Some Archaea live ordinary lives in mundane environments such as lakes, seas and insect and mammal intestinal tracts, while others live extraordinary lives pushed to extremes in incredibly harsh habitats such as deep sea hydrothermal vents, volcanic mud and the Dead Sea.
Archaea have been instrumental in evolutionary studies on the origins of life and have revealed to scientists that the boundaries of life as we know it can be pushed much further than previously thought.
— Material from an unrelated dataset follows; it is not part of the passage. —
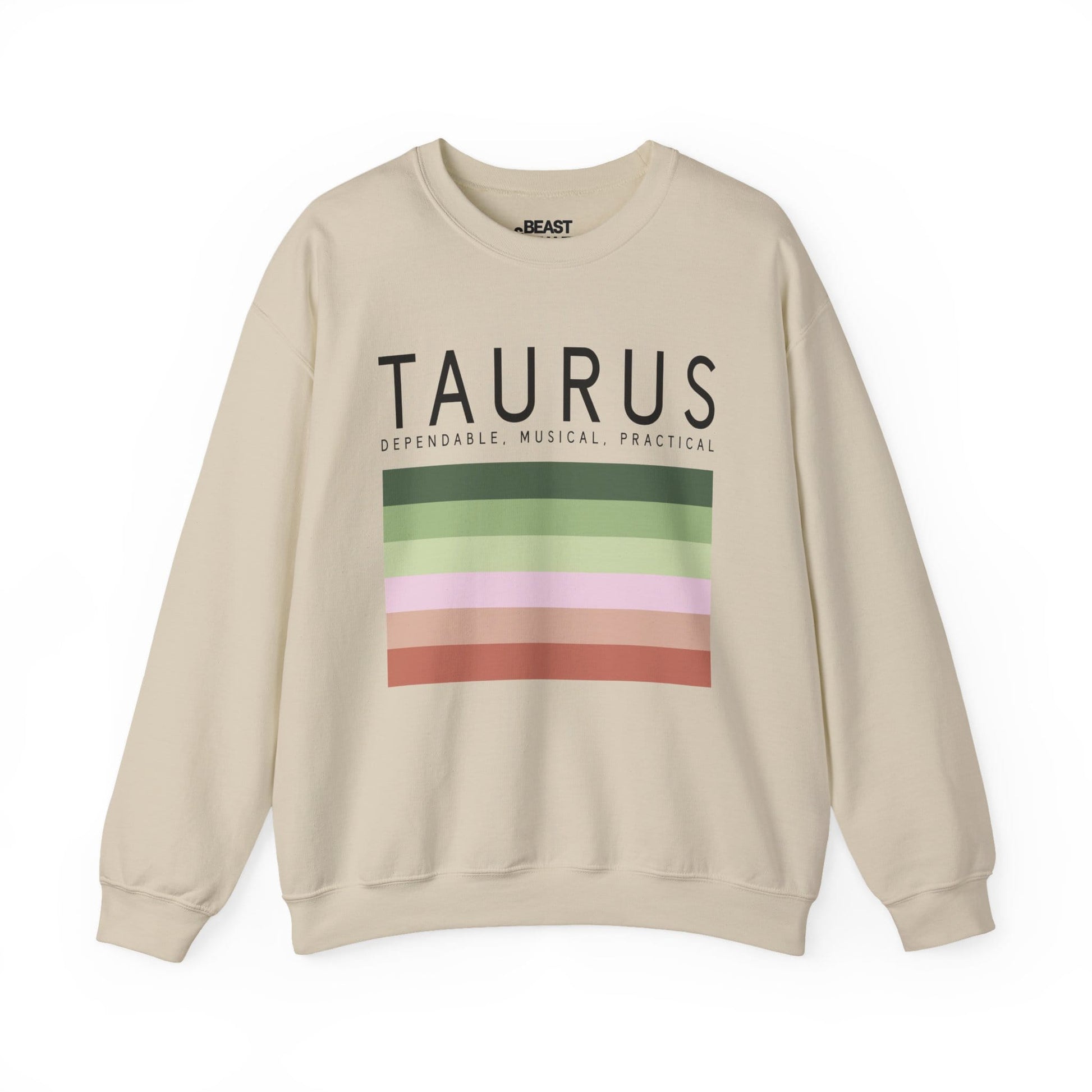 Taurus Zodiac Sign Adult Sweatshirt Sand / S gift_idea unique_gift personalised_gift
However, a fundamental biological question that remains virtually unexplored is how Archaea transfer their genetic material to new cells during cell division.
The research, which involved collaboration between scientists in the Department of Biology at the University of York and Duke University in the USA, focused on the role of three proteins (AspA, ParB and ParA), whose three-dimensional structure has now been solved.
Dr Daniela Barillà said: “Sulfolobus is a superbug that grows at 80°C in highly acidic and sulphur containing environments”.
“These are extremely harsh conditions, where other organisms would literally melt due to the breakdown of cellular membranes and disintegration of their proteins”.
“We were interested in the factors and mechanisms used by this organism to transfer a portion of its genome, a small loop of DNA called plasmid, from one generation to the next during the process of cell division.”
“Sulfolobus uses a protein to separate and segregate its DNA that is not normally used by bacteria. That was a surprise. Many bacteria use only two proteins. Instead Sulfolobus has a system with three”.
“We discovered that AspA forms an unusual structure. It binds to a specific site on the DNA and then it spreads from there forming a continuous superhelix which wraps around the DNA.”
“Studying Archaea is interesting because it can provide information about the origins of life. It is quite astonishing that some can live at 80°C and above and can endure being boiled and still remain alive”.
“Investigating Archaea has also rejuvenated hopes of finding life in inhospitable environments, finding life on other planets in which the conditions are very different from ours.”
The work, which was published in Science, was funded by grants from the Biotechnology and Biological Research Council and Leverhulme Trust (York team) and the National Institute of Health (Duke team).